What needs to be done >>
Each entry is to be transcribed exactly, with nothing added or dropped.

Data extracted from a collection
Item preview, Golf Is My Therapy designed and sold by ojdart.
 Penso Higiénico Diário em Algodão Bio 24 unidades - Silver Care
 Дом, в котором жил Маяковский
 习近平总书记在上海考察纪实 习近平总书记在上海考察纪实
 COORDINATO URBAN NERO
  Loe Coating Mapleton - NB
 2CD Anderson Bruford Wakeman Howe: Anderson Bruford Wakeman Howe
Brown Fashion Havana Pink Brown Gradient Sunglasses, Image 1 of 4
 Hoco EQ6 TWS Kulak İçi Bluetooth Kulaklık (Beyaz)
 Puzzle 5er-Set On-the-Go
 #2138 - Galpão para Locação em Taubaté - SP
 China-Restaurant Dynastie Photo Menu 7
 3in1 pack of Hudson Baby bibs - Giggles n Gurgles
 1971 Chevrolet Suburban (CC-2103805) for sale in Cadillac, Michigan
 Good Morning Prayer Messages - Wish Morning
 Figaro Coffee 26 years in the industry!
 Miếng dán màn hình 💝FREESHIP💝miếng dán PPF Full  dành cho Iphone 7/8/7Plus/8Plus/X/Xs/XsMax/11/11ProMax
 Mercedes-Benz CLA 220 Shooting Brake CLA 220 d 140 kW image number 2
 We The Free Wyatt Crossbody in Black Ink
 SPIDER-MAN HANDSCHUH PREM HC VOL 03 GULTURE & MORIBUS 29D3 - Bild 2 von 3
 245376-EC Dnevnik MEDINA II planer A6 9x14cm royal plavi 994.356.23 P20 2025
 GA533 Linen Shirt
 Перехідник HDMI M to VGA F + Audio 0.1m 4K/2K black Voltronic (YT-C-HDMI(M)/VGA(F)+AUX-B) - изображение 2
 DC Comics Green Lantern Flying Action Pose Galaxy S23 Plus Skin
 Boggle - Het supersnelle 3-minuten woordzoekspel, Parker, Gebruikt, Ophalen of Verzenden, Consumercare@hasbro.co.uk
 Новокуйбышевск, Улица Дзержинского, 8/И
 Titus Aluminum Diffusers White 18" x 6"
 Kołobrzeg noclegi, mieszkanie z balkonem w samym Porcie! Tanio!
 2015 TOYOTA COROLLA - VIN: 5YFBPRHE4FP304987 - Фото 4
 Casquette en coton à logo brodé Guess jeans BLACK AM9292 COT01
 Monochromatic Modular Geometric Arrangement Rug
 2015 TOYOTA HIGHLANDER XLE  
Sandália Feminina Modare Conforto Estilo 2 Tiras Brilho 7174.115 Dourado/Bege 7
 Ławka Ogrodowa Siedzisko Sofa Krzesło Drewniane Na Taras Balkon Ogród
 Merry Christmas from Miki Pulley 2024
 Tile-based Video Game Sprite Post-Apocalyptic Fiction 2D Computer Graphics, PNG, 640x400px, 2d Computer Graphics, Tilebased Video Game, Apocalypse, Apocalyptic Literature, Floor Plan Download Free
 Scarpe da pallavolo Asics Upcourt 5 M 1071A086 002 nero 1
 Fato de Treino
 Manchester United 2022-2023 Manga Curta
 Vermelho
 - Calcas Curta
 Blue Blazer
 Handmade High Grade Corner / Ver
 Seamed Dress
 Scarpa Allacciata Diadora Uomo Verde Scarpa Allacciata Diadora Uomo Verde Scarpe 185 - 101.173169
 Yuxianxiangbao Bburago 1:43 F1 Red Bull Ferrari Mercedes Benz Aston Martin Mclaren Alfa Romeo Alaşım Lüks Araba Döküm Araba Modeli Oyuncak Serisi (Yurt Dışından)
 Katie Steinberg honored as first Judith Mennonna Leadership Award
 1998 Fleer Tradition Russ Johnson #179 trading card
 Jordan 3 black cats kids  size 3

Answer box >>
Item preview, Golf Is My Therapy designed and sold by ojdart.
 Penso Higiénico Diário em Algodão Bio 24 unidades - Silver Care
 Дом, в котором жил Маяковский
 习近平总书记在上海考察纪实 习近平总书记在上海考察纪实
 COORDINATO URBAN NERO
  Loe Coating Mapleton - NB
 2CD Anderson Bruford Wakeman Howe: Anderson Bruford Wakeman Howe
Brown Fashion Havana Pink Brown Gradient Sunglasses, Image 1 of 4
 Hoco EQ6 TWS Kulak İçi Bluetooth Kulaklık (Beyaz)
 Puzzle 5er-Set On-the-Go
 #2138 - Galpão para Locação em Taubaté - SP
 China-Restaurant Dynastie Photo Menu 7
 3in1 pack of Hudson Baby bibs - Giggles n Gurgles
 1971 Chevrolet Suburban (CC-2103805) for sale in Cadillac, Michigan
 Good Morning Prayer Messages - Wish Morning
 Figaro Coffee 26 years in the industry!
 Miếng dán màn hình 💝FREESHIP💝miếng dán PPF Full  dành cho Iphone 7/8/7Plus/8Plus/X/Xs/XsMax/11/11ProMax
 Mercedes-Benz CLA 220 Shooting Brake CLA 220 d 140 kW image number 2
 We The Free Wyatt Crossbody in Black Ink
 SPIDER-MAN HANDSCHUH PREM HC VOL 03 GULTURE & MORIBUS 29D3 - Bild 2 von 3
 245376-EC Dnevnik MEDINA II planer A6 9x14cm royal plavi 994.356.23 P20 2025
 GA533 Linen Shirt
 Перехідник HDMI M to VGA F + Audio 0.1m 4K/2K black Voltronic (YT-C-HDMI(M)/VGA(F)+AUX-B) - изображение 2
 DC Comics Green Lantern Flying Action Pose Galaxy S23 Plus Skin
 Boggle - Het supersnelle 3-minuten woordzoekspel, Parker, Gebruikt, Ophalen of Verzenden, Consumercare@hasbro.co.uk
 Новокуйбышевск, Улица Дзержинского, 8/И
 Titus Aluminum Diffusers White 18" x 6"
 Kołobrzeg noclegi, mieszkanie z balkonem w samym Porcie! Tanio!
 2015 TOYOTA COROLLA - VIN: 5YFBPRHE4FP304987 - Фото 4
 Casquette en coton à logo brodé Guess jeans BLACK AM9292 COT01
 Monochromatic Modular Geometric Arrangement Rug
 2015 TOYOTA HIGHLANDER XLE  
Sandália Feminina Modare Conforto Estilo 2 Tiras Brilho 7174.115 Dourado/Bege 7
 Ławka Ogrodowa Siedzisko Sofa Krzesło Drewniane Na Taras Balkon Ogród
 Merry Christmas from Miki Pulley 2024
 Tile-based Video Game Sprite Post-Apocalyptic Fiction 2D Computer Graphics, PNG, 640x400px, 2d Computer Graphics, Tilebased Video Game, Apocalypse, Apocalyptic Literature, Floor Plan Download Free
 Scarpe da pallavolo Asics Upcourt 5 M 1071A086 002 nero 1
 Fato de Treino
 Manchester United 2022-2023 Manga Curta
 Vermelho
 - Calcas Curta
 Blue Blazer
 Handmade High Grade Corner / Ver
 Seamed Dress
 Scarpa Allacciata Diadora Uomo Verde Scarpa Allacciata Diadora Uomo Verde Scarpe 185 - 101.173169
 Yuxianxiangbao Bburago 1:43 F1 Red Bull Ferrari Mercedes Benz Aston Martin Mclaren Alfa Romeo Alaşım Lüks Araba Döküm Araba Modeli Oyuncak Serisi (Yurt Dışından)
 Katie Steinberg honored as first Judith Mennonna Leadership Award
 1998 Fleer Tradition Russ Johnson #179 trading card
 Jordan 3 black cats kids  size 3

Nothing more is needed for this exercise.